--- Extracted entries ---

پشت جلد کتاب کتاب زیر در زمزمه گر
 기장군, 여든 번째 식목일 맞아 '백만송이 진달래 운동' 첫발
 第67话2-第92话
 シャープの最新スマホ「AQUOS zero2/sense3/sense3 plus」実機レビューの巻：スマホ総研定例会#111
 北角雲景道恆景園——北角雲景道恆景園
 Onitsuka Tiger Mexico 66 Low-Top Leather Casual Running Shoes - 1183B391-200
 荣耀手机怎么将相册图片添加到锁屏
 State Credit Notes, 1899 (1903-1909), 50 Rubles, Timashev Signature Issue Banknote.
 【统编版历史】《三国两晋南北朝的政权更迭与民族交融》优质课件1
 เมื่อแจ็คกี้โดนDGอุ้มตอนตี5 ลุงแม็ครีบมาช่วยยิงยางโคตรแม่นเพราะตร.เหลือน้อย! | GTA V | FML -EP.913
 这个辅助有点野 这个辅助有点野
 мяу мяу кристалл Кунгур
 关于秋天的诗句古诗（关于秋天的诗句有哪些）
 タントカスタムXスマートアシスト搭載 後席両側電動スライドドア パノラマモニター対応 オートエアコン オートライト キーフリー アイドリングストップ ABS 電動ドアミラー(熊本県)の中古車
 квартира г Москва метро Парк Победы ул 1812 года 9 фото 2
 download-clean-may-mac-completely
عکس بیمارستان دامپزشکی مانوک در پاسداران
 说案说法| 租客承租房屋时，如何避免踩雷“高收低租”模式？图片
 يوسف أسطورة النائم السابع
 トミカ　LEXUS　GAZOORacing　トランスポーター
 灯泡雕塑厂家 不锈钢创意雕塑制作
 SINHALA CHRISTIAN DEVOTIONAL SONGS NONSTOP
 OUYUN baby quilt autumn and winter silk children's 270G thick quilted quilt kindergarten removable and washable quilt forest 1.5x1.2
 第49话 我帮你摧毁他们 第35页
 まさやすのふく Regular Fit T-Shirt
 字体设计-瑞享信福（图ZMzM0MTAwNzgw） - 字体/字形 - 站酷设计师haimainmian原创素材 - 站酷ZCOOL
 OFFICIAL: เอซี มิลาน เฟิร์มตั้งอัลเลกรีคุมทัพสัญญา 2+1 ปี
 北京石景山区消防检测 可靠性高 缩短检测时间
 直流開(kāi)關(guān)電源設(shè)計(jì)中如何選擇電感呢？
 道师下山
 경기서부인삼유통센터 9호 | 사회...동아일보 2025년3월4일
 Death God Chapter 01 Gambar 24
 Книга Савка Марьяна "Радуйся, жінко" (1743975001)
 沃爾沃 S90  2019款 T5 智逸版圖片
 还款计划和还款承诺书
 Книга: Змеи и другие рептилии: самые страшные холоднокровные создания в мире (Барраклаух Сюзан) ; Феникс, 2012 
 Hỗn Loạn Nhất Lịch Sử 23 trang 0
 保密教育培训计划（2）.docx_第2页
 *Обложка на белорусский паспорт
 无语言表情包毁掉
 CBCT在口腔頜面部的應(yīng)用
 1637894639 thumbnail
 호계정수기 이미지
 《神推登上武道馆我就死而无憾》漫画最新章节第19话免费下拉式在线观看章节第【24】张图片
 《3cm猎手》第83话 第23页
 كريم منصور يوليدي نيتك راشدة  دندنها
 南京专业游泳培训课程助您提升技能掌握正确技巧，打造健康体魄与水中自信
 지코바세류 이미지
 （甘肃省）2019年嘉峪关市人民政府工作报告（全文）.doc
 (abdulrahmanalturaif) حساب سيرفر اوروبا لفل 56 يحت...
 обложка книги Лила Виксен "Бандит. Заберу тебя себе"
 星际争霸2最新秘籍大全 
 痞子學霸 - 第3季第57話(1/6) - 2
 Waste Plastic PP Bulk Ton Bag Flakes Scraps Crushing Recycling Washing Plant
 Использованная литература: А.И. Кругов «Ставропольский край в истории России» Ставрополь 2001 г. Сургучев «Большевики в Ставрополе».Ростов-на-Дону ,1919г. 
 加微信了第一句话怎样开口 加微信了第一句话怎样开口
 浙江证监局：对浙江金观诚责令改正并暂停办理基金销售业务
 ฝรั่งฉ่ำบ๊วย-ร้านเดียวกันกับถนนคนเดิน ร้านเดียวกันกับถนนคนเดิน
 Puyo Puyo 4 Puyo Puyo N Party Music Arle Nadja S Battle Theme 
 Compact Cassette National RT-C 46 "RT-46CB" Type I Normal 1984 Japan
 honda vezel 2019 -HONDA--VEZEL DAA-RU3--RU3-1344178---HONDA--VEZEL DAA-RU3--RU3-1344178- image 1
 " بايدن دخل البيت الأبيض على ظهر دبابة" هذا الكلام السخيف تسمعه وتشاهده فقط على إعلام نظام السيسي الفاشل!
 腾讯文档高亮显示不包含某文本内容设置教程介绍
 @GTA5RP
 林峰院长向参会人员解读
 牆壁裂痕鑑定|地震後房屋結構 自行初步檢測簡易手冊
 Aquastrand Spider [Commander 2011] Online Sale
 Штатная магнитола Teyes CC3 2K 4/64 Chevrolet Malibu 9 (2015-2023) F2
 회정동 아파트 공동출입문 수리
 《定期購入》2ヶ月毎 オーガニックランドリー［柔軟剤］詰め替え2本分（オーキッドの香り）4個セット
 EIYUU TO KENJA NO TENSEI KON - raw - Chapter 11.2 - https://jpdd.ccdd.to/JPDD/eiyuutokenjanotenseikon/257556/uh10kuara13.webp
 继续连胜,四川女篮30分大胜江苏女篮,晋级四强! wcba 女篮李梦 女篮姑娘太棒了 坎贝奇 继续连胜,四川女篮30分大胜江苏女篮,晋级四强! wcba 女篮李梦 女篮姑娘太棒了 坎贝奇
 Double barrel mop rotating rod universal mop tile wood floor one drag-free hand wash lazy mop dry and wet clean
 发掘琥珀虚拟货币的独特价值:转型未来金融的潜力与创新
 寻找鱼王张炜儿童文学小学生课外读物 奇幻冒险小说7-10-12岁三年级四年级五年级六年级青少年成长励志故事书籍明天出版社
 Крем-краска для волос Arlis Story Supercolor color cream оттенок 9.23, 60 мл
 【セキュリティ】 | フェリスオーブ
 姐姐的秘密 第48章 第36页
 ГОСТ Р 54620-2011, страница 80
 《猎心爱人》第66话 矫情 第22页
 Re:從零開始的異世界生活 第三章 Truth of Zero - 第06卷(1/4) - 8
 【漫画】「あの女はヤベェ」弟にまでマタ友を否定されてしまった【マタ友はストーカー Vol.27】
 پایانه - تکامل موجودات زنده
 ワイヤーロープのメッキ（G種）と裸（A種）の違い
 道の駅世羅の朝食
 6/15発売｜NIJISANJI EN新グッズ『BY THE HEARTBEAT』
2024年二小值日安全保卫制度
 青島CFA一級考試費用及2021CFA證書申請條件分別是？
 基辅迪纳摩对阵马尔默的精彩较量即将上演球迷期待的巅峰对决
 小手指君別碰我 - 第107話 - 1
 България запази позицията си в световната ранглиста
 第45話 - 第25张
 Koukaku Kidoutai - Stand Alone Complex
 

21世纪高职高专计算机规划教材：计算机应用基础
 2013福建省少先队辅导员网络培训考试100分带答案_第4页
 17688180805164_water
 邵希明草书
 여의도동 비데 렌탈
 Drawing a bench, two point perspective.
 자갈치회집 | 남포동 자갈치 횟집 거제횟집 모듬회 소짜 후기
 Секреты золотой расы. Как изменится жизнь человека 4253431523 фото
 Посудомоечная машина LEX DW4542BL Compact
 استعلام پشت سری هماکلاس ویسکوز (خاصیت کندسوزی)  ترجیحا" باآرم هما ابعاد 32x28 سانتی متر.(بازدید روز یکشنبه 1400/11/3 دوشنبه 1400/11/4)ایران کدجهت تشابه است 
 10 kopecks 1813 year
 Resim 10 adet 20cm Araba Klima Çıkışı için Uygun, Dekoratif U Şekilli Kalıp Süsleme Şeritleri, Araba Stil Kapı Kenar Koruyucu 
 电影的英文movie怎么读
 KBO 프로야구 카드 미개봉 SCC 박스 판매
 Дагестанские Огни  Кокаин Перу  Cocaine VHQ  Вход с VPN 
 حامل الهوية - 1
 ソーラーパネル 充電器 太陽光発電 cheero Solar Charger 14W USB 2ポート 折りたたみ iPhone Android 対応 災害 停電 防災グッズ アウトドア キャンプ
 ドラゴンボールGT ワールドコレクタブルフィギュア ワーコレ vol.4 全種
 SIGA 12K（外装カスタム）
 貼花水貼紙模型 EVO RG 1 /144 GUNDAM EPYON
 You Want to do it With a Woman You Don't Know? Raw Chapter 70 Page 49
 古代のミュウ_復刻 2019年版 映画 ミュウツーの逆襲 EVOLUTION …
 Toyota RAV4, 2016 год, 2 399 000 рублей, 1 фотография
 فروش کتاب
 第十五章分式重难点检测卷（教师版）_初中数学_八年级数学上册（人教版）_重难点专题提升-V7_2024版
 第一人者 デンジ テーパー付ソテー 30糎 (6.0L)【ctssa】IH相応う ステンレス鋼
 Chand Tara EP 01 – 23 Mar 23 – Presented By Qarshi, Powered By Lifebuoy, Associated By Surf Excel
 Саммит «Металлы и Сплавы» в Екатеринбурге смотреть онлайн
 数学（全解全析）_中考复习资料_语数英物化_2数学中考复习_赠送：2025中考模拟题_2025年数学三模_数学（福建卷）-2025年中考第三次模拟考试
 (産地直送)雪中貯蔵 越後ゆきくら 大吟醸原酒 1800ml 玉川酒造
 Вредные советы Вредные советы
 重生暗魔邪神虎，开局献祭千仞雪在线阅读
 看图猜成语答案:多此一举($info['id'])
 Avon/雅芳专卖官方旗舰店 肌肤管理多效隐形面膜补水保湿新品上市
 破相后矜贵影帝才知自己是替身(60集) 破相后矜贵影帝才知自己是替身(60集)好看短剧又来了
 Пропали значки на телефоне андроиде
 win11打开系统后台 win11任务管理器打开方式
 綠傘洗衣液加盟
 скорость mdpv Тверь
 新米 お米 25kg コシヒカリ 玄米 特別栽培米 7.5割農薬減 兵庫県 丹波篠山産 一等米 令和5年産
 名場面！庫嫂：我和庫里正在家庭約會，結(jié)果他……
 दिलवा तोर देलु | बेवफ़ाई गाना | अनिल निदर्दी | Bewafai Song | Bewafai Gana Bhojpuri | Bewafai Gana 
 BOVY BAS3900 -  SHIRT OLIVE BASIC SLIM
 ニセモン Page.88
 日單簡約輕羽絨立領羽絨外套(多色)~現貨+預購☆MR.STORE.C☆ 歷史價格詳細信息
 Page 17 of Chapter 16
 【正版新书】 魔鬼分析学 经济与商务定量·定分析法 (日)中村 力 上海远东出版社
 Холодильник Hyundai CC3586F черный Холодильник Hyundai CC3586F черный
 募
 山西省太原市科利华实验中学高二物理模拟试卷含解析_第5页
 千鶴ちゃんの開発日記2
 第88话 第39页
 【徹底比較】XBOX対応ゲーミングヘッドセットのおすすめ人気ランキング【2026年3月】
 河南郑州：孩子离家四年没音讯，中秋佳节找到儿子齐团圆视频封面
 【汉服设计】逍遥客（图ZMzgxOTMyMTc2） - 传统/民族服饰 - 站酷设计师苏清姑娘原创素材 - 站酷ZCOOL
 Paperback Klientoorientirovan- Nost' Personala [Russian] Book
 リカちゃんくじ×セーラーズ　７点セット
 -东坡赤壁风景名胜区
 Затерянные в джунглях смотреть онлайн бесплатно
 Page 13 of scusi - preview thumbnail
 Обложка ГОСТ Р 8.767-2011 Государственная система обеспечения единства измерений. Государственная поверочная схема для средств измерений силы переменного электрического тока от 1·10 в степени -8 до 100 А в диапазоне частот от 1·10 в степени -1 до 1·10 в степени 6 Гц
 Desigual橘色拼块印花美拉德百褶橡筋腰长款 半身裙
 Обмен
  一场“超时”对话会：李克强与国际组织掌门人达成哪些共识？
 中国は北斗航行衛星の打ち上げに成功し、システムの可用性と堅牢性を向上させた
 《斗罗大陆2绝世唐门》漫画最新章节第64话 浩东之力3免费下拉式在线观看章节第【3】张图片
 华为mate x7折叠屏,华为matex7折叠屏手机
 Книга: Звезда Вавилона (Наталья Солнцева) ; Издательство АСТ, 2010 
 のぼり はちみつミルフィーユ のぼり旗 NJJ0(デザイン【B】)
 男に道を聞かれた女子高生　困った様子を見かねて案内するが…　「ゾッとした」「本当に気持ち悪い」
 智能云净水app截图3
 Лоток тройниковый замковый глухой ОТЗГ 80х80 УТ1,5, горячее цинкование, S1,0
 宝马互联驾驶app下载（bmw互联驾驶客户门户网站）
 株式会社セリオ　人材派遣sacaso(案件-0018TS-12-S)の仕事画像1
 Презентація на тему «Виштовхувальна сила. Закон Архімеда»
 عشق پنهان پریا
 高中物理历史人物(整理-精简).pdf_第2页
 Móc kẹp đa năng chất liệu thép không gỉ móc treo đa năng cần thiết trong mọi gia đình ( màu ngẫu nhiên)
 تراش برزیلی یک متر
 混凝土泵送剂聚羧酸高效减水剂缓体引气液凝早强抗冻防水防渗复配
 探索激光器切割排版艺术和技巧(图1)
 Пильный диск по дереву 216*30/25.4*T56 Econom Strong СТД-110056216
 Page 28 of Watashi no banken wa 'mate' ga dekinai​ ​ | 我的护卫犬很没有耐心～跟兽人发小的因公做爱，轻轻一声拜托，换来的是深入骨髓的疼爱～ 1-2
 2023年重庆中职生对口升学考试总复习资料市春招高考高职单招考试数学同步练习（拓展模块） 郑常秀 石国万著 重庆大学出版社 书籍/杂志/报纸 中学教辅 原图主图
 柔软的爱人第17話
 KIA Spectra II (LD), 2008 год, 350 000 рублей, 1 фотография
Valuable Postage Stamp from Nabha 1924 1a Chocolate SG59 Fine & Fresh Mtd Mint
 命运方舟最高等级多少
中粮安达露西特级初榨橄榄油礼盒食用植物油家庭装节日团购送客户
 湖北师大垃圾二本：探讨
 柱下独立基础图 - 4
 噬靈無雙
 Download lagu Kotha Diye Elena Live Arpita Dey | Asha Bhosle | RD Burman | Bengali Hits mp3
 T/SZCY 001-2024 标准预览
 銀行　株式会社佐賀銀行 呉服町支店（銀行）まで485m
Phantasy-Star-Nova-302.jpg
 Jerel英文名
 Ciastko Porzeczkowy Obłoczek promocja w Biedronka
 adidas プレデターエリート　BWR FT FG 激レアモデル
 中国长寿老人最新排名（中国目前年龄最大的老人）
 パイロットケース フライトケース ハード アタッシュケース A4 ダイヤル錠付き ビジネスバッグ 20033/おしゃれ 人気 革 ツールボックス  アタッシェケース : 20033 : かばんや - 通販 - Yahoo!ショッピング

---

**Directions for this task**. All lines above from the one with "坎贝奇 继续连胜,四川女篮30分大胜江苏女篮,晋级四强! wcba 女篮李梦 女篮姑娘太棒了 坎贝奇" to the one with "Посудомоечная машина LEX DW4542BL Compact", inclusive, should be copied exactly, and no other lines.

**Written solution**.
 继续连胜,四川女篮30分大胜江苏女篮,晋级四强! wcba 女篮李梦 女篮姑娘太棒了 坎贝奇 继续连胜,四川女篮30分大胜江苏女篮,晋级四强! wcba 女篮李梦 女篮姑娘太棒了 坎贝奇
 Double barrel mop rotating rod universal mop tile wood floor one drag-free hand wash lazy mop dry and wet clean
 发掘琥珀虚拟货币的独特价值:转型未来金融的潜力与创新
 寻找鱼王张炜儿童文学小学生课外读物 奇幻冒险小说7-10-12岁三年级四年级五年级六年级青少年成长励志故事书籍明天出版社
 Крем-краска для волос Arlis Story Supercolor color cream оттенок 9.23, 60 мл
 【セキュリティ】 | フェリスオーブ
 姐姐的秘密 第48章 第36页
 ГОСТ Р 54620-2011, страница 80
 《猎心爱人》第66话 矫情 第22页
 Re:從零開始的異世界生活 第三章 Truth of Zero - 第06卷(1/4) - 8
 【漫画】「あの女はヤベェ」弟にまでマタ友を否定されてしまった【マタ友はストーカー Vol.27】
 پایانه - تکامل موجودات زنده
 ワイヤーロープのメッキ（G種）と裸（A種）の違い
 道の駅世羅の朝食
 6/15発売｜NIJISANJI EN新グッズ『BY THE HEARTBEAT』
2024年二小值日安全保卫制度
 青島CFA一級考試費用及2021CFA證書申請條件分別是？
 基辅迪纳摩对阵马尔默的精彩较量即将上演球迷期待的巅峰对决
 小手指君別碰我 - 第107話 - 1
 България запази позицията си в световната ранглиста
 第45話 - 第25张
 Koukaku Kidoutai - Stand Alone Complex
 

21世纪高职高专计算机规划教材：计算机应用基础
 2013福建省少先队辅导员网络培训考试100分带答案_第4页
 17688180805164_water
 邵希明草书
 여의도동 비데 렌탈
 Drawing a bench, two point perspective.
 자갈치회집 | 남포동 자갈치 횟집 거제횟집 모듬회 소짜 후기
 Секреты золотой расы. Как изменится жизнь человека 4253431523 фото
 Посудомоечная машина LEX DW4542BL Compact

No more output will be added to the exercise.